The high court, in a split decision Thursday, rejected a challenge of the law by Saskatchewan, Alberta and Ontario, which had argued the matter was within provincial jurisdiction. The federal government has the right to set minimum standards in a matter of national concern such as climate change, the court ruled.
Manitoba’s case, currently working its way through Federal Court, is different, Pallister said, because Manitoba is willing to impose a carbon tax, albeit at a lower rate than what Ottawa has demanded.
“I think we’ve made a compelling case — a better case, frankly I would have to say, than our other provincial counterparts have made — because we … stepped up and we demonstrated we were ready to act on climate change and ready to do a carbon tax,” Pallister said.

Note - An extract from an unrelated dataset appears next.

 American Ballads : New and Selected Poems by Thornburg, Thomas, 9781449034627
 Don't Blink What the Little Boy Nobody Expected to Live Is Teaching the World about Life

Manitoba originally planned a $25-per-tonne price on carbon in 2017. But the federal government said that wasn’t high enough and imposed its own levy on Manitoba and three other provinces, with income-tax rebates to offset the price.
The federal price is currently $30 per tonne, which adds about $3.50 to the cost of filling a 40 L tank with gas. It is set to rise to $170 per tonne by 2030.
Pallister said he is willing to go higher than $25 per tonne, but would not specify a dollar figure. He said the levy should be fixed, instead of increasing, and low enough to credit Manitoba for the billions of dollars it has spent developing its clean hydroelectric grid.
Pallister also pointed to a section of the Supreme Court ruling that said the federal government does not have limitless rights to set pricing standards.
“The (federal cabinet) does not have an unfettered discretion to determine whether a provincial (greenhouse gas) pricing system is desirable, but is confined to determining whether it meets results-based standards,” the ruling stated.
Pallister said Manitoba’s overall plan to reduce emissions, which includes wetlands improvements and subsidies for fuel efficiency in the trucking industry, can meet or exceed federal targets without imposing a high carbon tax.
“The federal government has the right to impose a plan where none exists, but they don’t have the right … to impose a plan where one exists that is more stringent than the one they’re proposing,” Pallister said.
No date has been set for the Federal Court hearing.
The Opposition New Democrats said Pallister and his Progressive Conservative government should give up its court fight.
“I think that we should be taking a collaborative approach with the federal government,” NDP Leader Wab Kinew said.
“I think that this court decision today is sort of the end of the road for the conservative premiers who were opposing this. And so now let’s get on with the business of actually fighting climate change rather than just fighting court battles.”